En conséquence le jugement déféré sera confirmé en ce qu'il a rejeté sa demande portant sur la garantie des vices cachés ;

Aucune preuve n'est par ailleurs produite par l'appelant, de nature à fonder sa demande de nullité du contrat de vente du véhicule en litige ;

Enfin, au visa de l'article 146 du code de procédure civile, il n'appartient pas à la juridiction saisie de pallier la carence des parties dans l'administration de la preuve qui pèse sur eux, en ordonnant une expertise judiciaire ; la demande de Monsieur [W] sur ce point sera rejetée ;

Sur la demande de dommages et intérêts pour résistance abusive

La société intimée, qui a procédé à une vente d'un véhicule d'occasion sur lequel des réparations insatisfaisantes ont été constatées après la vente par l'acquéreur, ne démontre pas en quoi la saisine d'une juridiction en vue de mettre à néant cette vente serait abusive ; dès lors la demande de dommages et intérêts formée par l'intimé contre l'appelant sur ce fondement, sera rejetée ;

Sur l'article 700 du code de procédure civile et les dépens

Monsieur [V] [W], partie perdante, devra supporter les dépens.

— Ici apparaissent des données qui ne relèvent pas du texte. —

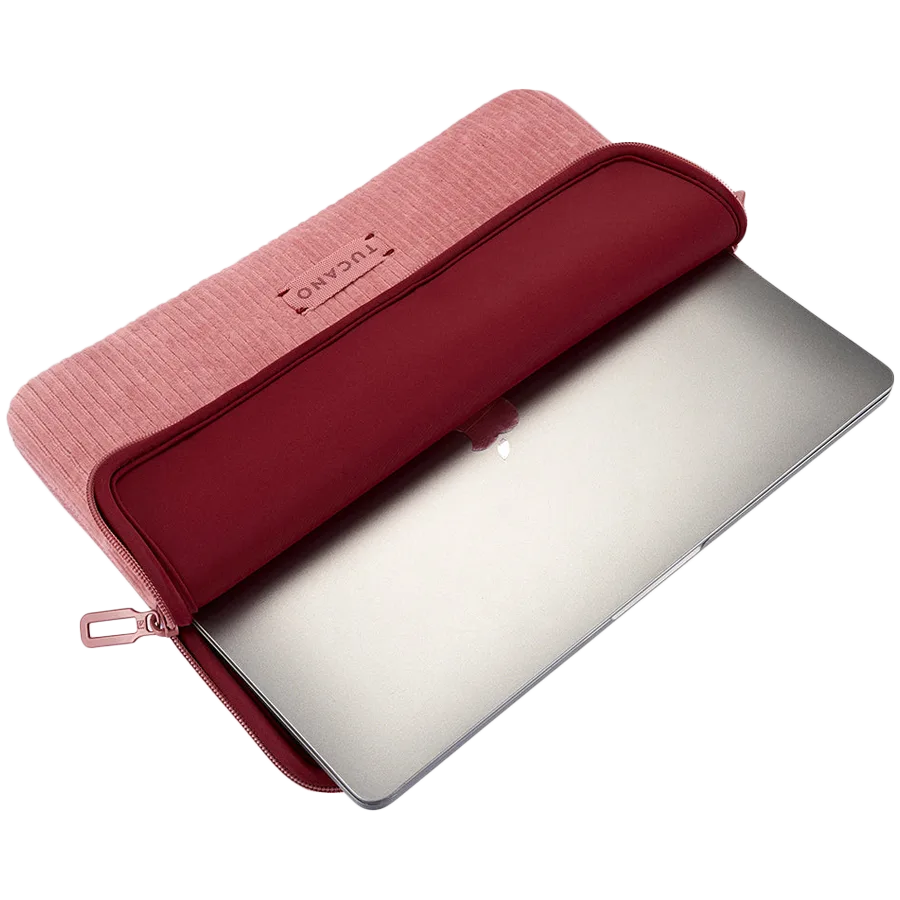 Чанта за лаптоп TUCANO VELLUTO2 14 SLEEVES FOR MacBook Pro 14/ Laptop 13, Pink - Image 5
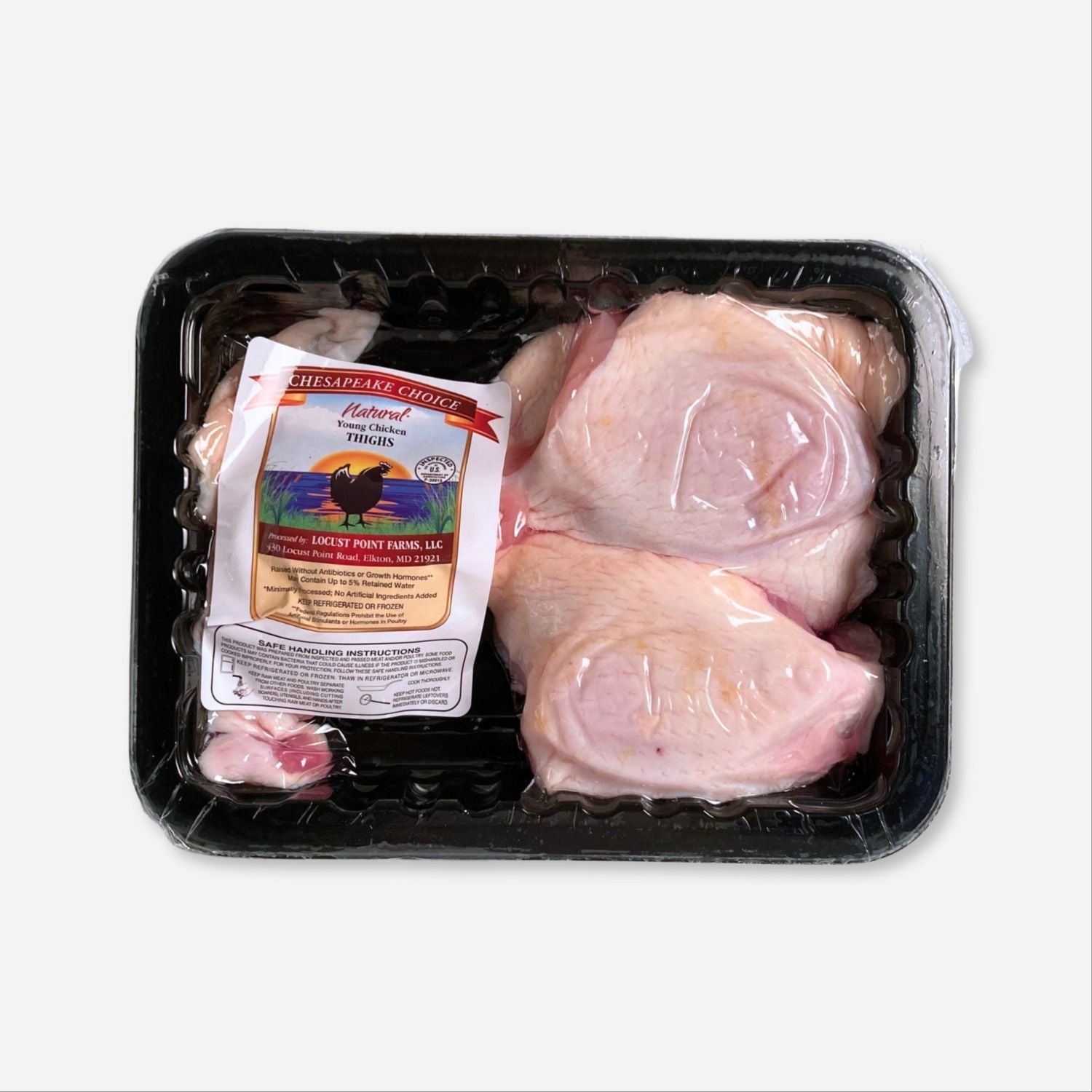 Chicken Thighs, Bone-in Skin-on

En revanche l'équité ne requiert pas de faire droit à la demande de la société Frouard Automobiles fondée sur l'article 700 du code de procédure civile, celle formée par l'appelant qui succombe étant par ailleurs, rejetée ;

PAR CES MOTIFS,

LA COUR, statuant par arrêt contradictoire prononcé publiquement, par mise à disposition au greffe,

Confirme le jugement déféré ;

Y ajoutant,

Déboute la société Frouard Automobiles de sa demande en dommages et intérêts pour résistance abusive ;

Déboute la société Frouard Automobiles de sa demande au titre de l'article 700 du code de procédure civile ;

Déboute Monsieur [V] [W] de sa demande au titre de l'article 700 du code de procédure civile ;

Condamne Monsieur [V] [W] aux dépens.